Normally, a court deciding on an application for a stay considers four traditional factors: "(1) whether the stay applicant has made a strong showing that he is likely to succeed on the merits; (2) whether the applicant will be irreparably injured absent a stay; (3) whether issuance of the stay will substantially injure the other parties interested in the proceeding; and (4) where the public interest lies. ... The first two factors of the traditional standard are the most critical." Different formulations apply to different forms of emergency relief—granting stays, vacating stays, issuing interlocutory injunctions—but all involve the likelihood of success on the merits, irreparable harm, and public interest.

In a dissent in a 2014 case, Justice Ginsburg argued that "Purcell held only that courts must take careful account of considerations specific to election cases, not that election cases are exempt from traditional stay standards". Ginsburg, joined by Justices Sotomayor and Kagan, thought that the court of appeals in that case had overemphasized Purcell and failed to properly apply the established standards, such as likelihood of success on the merits.

In a 2022 grant of a stay in Merrill v.
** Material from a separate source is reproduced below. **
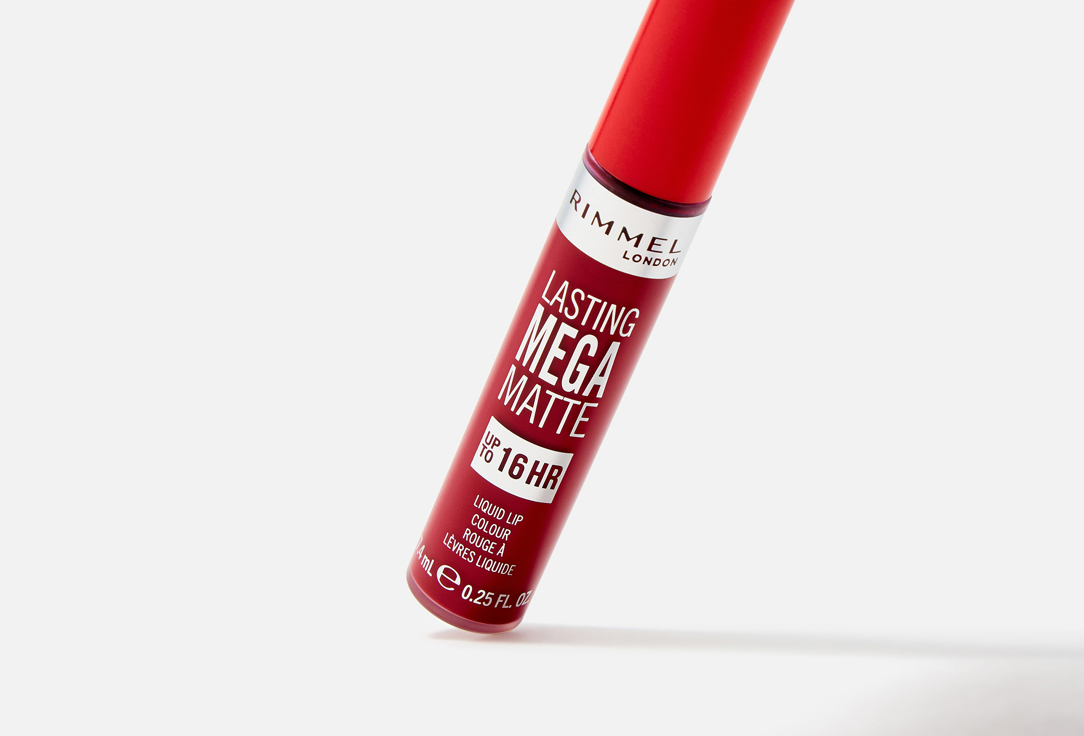 Rimmel Matte Liquid Lipstick Lasting Mega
Milligan, Justice Kavanaugh wrote a concurring opinion, joined by Justice Alito, stating that the "traditional test for a stay does not apply (at least not in the same way)" when the Purcell principle is in play. Kavanaugh suggested a set of heightened criteria that he believed are necessary for plaintiffs to overcome the Purcell principle.
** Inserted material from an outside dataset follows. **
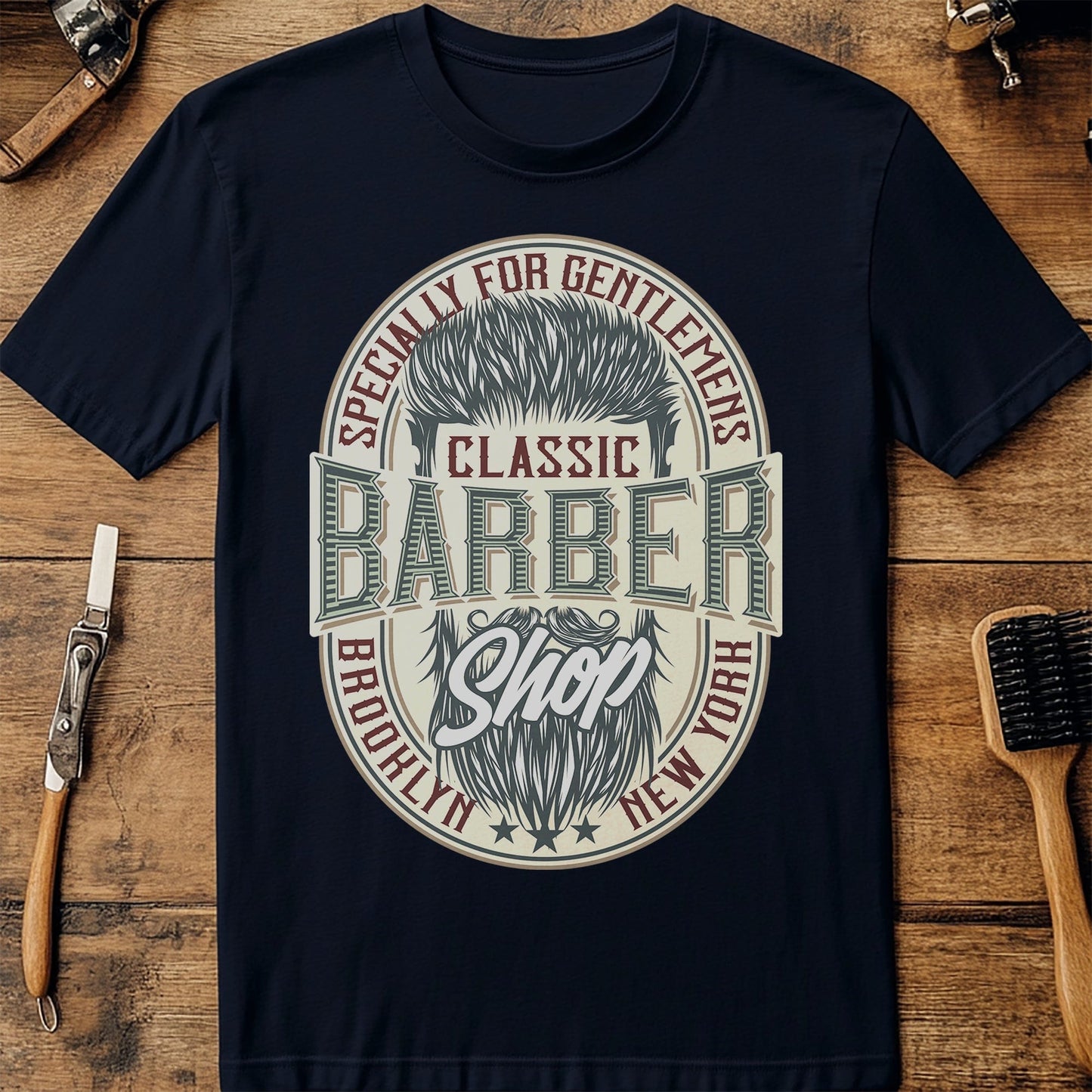 Classic Barber Shop T-shirt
Law professor Richard L. Hasen argued that the Purcell principle should be part of the public interest factor of the traditional multi-factor standard, and not a stand-alone rule. University of Texas law professor Steve Vladeck found it "troubling" that "by departing from the traditional standard, Purcell removes from the equation the possibility that, as disruptive as an injunction might be, freezing (or not issuing) it would be worse."

==Late-breaking changes by the Supreme Court itself==
Under the Purcell principle, lower courts should not intervene and change election rules close to an election. If the lower court does intervene, the Supreme Court should correct the lower court's error, even though the Supreme Court's action is also close to the election. In Republican National Committee v. Democratic National Committee (2020), the Supreme Court cited Purcell in granting a stay of the district court's order which extended the deadline for absentee ballots. The four-justice dissent also cited Purcell, instead arguing that the Supreme Court's own intervention was even closer to the election and an even less appropriate change to the status quo. In a 6-3 decision in Louisiana v. Callais (2026), the Supreme Court did not mention Purcell in its ruling, which allowed the state to cancel an ongoing primary election and draw new districts for the 2026 congressional midterms. The three-justice dissent highlighted that the Supreme Court itself invoked Purcell months earlier regarding the same midterm elections in order to prevent a lower court from declaring new congressional maps in Texas to be an unconstitutional racial gerrymander. Also in 2026, the Supreme Court allowed Alabama in Allen v. Milligan to invalidate its own primary results in several congressional districts to allow the state to revert to a district map passed by the legislature in 2023, which had been superseded by a court-drawn map for the 2024 elections.